Uma nova "cena" de punk rock britânica despontou nos últimos anos. Entre os representantes estão as bandas Shame, Fontaines D.C. e aquela que para mim é disparada a mais interessante: o Idles. Lançado poucos meses após sua estreia - o ótimo Brutalism, de 2017 -, Joy As An Act Of Resistance (2018) é um registro primoroso de um grupo em ebulição.

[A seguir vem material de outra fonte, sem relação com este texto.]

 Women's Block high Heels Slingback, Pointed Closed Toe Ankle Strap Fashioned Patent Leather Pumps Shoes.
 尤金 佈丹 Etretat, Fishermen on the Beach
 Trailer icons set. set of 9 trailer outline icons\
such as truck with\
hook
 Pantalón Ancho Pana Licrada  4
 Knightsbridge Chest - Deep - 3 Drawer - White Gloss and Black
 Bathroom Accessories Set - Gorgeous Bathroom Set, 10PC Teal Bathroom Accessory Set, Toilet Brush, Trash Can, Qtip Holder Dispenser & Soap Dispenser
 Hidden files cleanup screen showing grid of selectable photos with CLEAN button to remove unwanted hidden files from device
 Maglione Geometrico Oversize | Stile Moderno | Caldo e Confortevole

Embora as raízes da banda estejam explicitamente no punk rock, o grupo não investe numa abordagem retrô básica do estilo (canções rápidas e poucos acordes). É a atitude do gênero o principal quesito explorado pelo Idles, construindo densidade sonora, criando climas explosivos e trazendo temas contestadores. Isso fica mais que nítido em "Colossus", uma espetacular faixa de dinâmica crescente, com timbres saturados, bateria musculosa e um final faiscante. A energia da execução é impressionante.
Carregado por guitarras incisivas e ritmo primitivo que desencadeia num refrão nocauteante, "Never Fight A Men With A Perm" tem como maior qualidade ironizar a estereotipia da masculinidade que gera um instinto violento boçal. Essa masculinidade tóxica também é abordada na cáustica "Samaritans". Em ambas a performance é arrasadora.

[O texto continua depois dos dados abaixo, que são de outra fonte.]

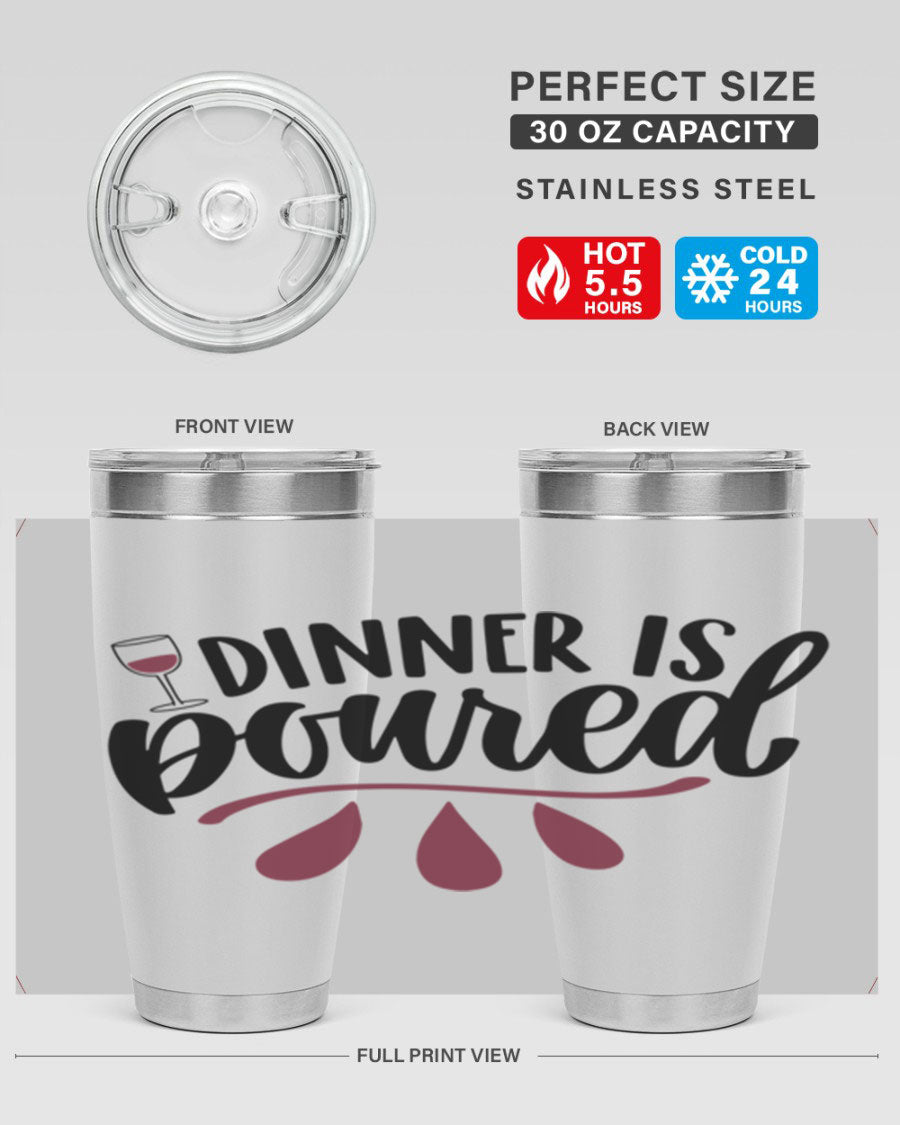 Dinner is Poured 59# Wine Tumbler, a stylish double wall vacuum stainless steel tumbler with copper lining, perfect for hot and cold beverages.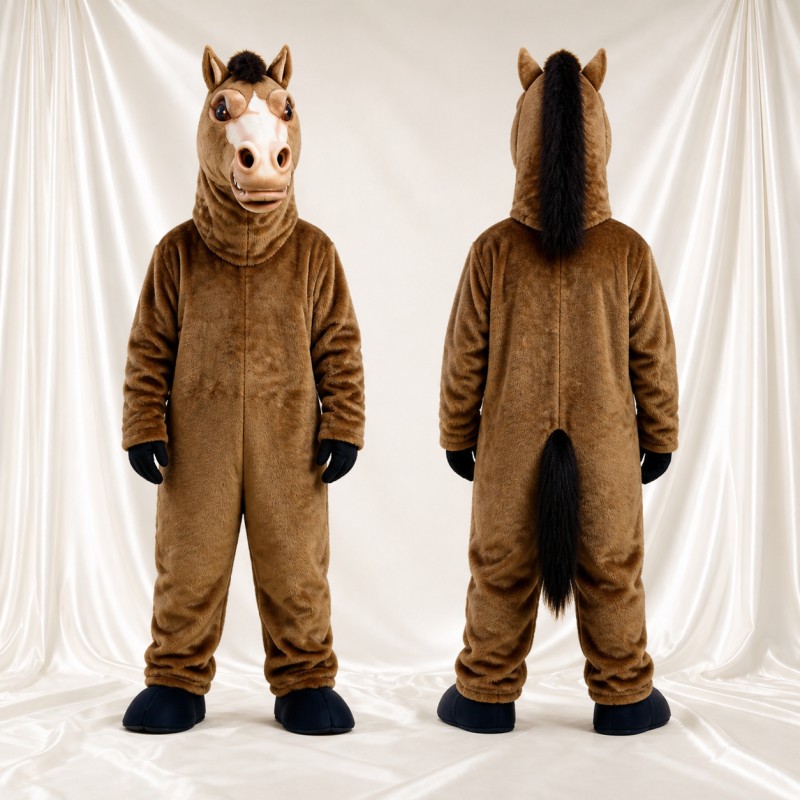 Brown Horse Mascot Costume Full Body for Adults Food Events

Com ecos tanto do indie rock 00's quanto do punk rock oi!, "I'm Scum" exemplifica a interpretação afrontosa, meio cuspida, do vocalista Joe Talbot.
Em tempos de Brexit, "Danny Nedelko" é um perfeito retrato do seu tempo. A letra aborda a questão da imigração de forma simples e direta, se opondo ao reacionarismo de forma nada panfletária. Adoro como o refrão invoca o sentimento de coletividade no ouvinte (novamente com traços de punk oi!), que rapidamente sente razões para entoar os versos aos plenos pulmões.
Nesta mesma toada, "Great" condena o nacionalismo inglês numa abordagem sonora cheia de rispidez.
A imundice timbristica de "Gram Rock" proporciona alguns dos momentos instrumentalmente mais selvagens de um disco que não deve em braveza. Adoro a barulheira das guitarras.
Com enorme sarcasmo, "Love Song" repagina o "gênero romântico" numa performance tão quente quanto lavas vulcânicas. No minimo divertido.
"June" parece ter a função de diminuir os ânimos através de um instrumental atmosférico e letra mórbida sobre um natimorto. Há citação do Ernest Hemingway e interpretação vocal emotiva. Pesado.
Como um ode ao autoestima atenuado pela mídia, "Television" faz do amor próprio um ato punk. Numa outra mutação estilística, é curioso ver o grupo explorando a cadência do blues em "Cry To Me", ainda que as guitarras estejam distante do esteriótipo do gênero.
Imerso na ferocidade punk, "Rottweiler" finaliza o disco deixando a sensação de inquietação no ar. Adoro o timbre distorcido do baixo. O final cacofônico é digno de vibrar de pé. A vontade imediata é de ouvir o álbum novamente.
Embora o trabalho do Idles seja "tremendamente inglês", as canções são tão contagiantes que pegam o ouvinte independente de suas tecnicidades liricas. É um disco politico sem ser pedante (muito pelo contrário, é bem divertido). É o rock em seu estado mais vibrante e relevante.